Are Screens Making Books So Boring That Kids Won't Bother To Read Them?

iphonebook

“I remember reading novels because the life within them was more exciting, the characters more attractive, the freedom more exhilarating than anything in the reality around me, which seemed stultifying, parochial and enclosed. To a kid reading Pynchon on a Galaxy 6 this summer, it has to compete with Snapchat and Tinder, plus movies, games and music…. Life itself has become more immersive.

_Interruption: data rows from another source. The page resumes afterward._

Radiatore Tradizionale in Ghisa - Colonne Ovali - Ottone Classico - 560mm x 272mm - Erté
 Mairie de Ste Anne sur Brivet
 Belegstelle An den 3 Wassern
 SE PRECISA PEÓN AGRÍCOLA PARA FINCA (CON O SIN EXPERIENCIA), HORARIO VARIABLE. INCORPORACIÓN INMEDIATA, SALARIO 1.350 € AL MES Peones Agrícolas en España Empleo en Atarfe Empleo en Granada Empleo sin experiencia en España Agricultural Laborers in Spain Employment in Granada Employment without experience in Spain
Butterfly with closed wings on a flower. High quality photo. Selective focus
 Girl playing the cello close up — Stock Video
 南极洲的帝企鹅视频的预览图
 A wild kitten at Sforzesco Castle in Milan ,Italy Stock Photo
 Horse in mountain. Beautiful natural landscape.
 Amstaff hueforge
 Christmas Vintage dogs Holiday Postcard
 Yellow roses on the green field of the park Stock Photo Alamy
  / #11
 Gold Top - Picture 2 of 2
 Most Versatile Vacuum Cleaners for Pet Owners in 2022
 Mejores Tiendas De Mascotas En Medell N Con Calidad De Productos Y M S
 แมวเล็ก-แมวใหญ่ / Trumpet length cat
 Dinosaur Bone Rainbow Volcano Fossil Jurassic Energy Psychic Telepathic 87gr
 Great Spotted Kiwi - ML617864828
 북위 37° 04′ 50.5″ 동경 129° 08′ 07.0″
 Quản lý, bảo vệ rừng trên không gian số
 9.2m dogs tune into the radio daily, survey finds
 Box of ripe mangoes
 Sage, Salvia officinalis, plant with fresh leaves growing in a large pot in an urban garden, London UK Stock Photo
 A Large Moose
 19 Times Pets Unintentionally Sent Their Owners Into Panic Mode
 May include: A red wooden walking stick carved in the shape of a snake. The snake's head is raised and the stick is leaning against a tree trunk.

— I have been thinking about this a lot lately. You hear all the stories of kids not wanting to learn to drive because they no longer need to physically travel somewhere to get separation; friends and communities and other worlds altogether are all on the phones they carry with them like an extra appendage. These stories are almost certainly exaggerated, but they speak to a larger concern that our surfeit of virtual opportunity and diversion will drain our youth of the greatest incentive for self-improvement there is: the desire to get away from parents and the general boredom of typical teenage subsistence. What do you do when you don’t have “there’s nothing to do” as an animating principle? What is life like when ennui and the angst of repeating the same eventless existence every day aren’t all that’s available? Without those things, what will happen to our kids? They will be eaten by robots, that’s what. I’m telling you, everything is a scam set up by the robots so that eventually they can eat us. You laugh at me now but when those terrible metal teeth are clamping down on the bodies of everyone you hold dear you’ll wish you had listened to me. You fools.